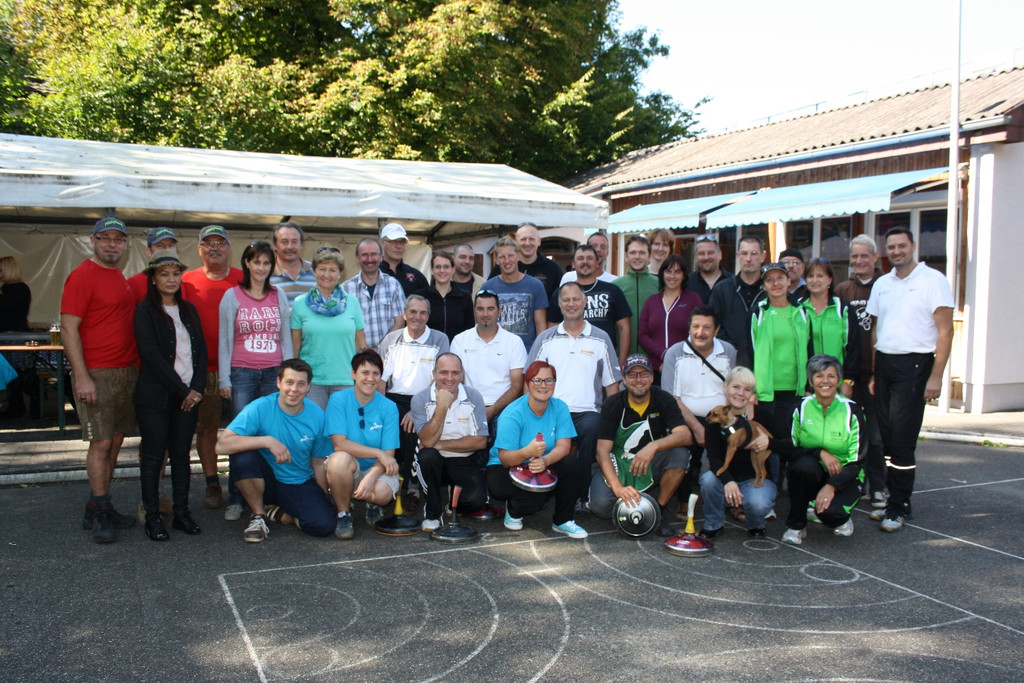 Stocksport HOBBY Turnier 27-09-2014 _1_.JPG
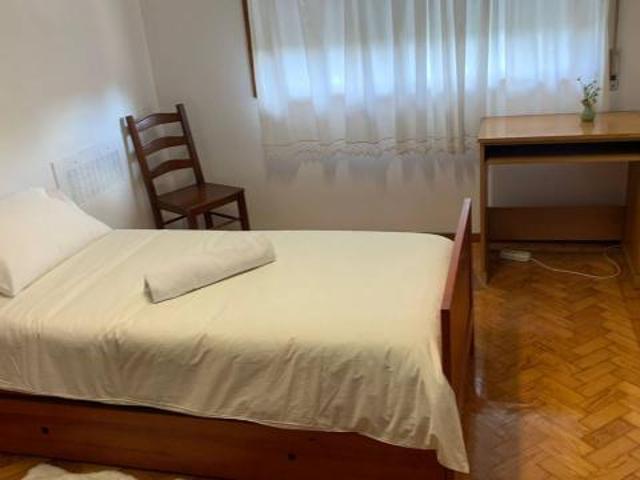 shared living/roommate 11 quarto, Porto Porto 4250 392 DS76901918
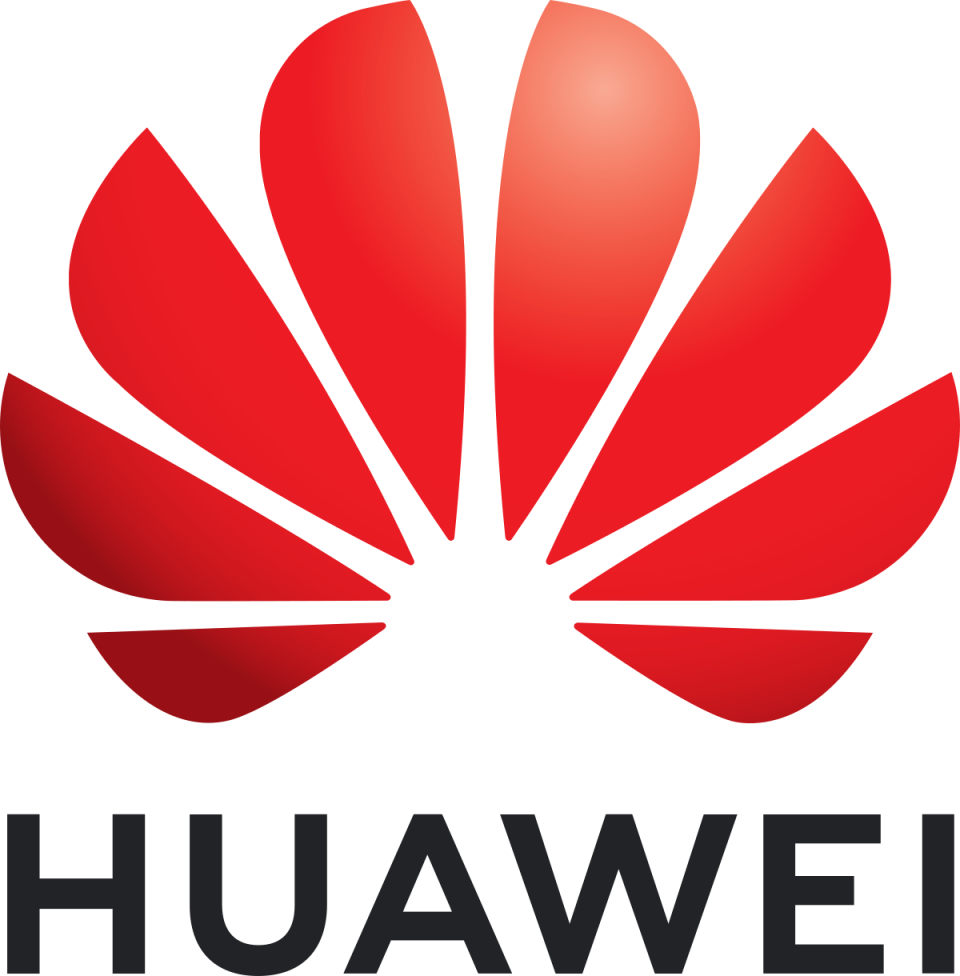 Huawei ќе инвестира 2 милијарди долари во сајбер безбедноста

Task description:
Once the pictures are set aside, repeat the data above exactly as written.

Solution for this problem:
 Stocksport HOBBY Turnier 27-09-2014 _1_.JPG
 shared living/roommate 11 quarto, Porto Porto 4250 392 DS76901918
 Huawei ќе инвестира 2 милијарди долари во сајбер безбедноста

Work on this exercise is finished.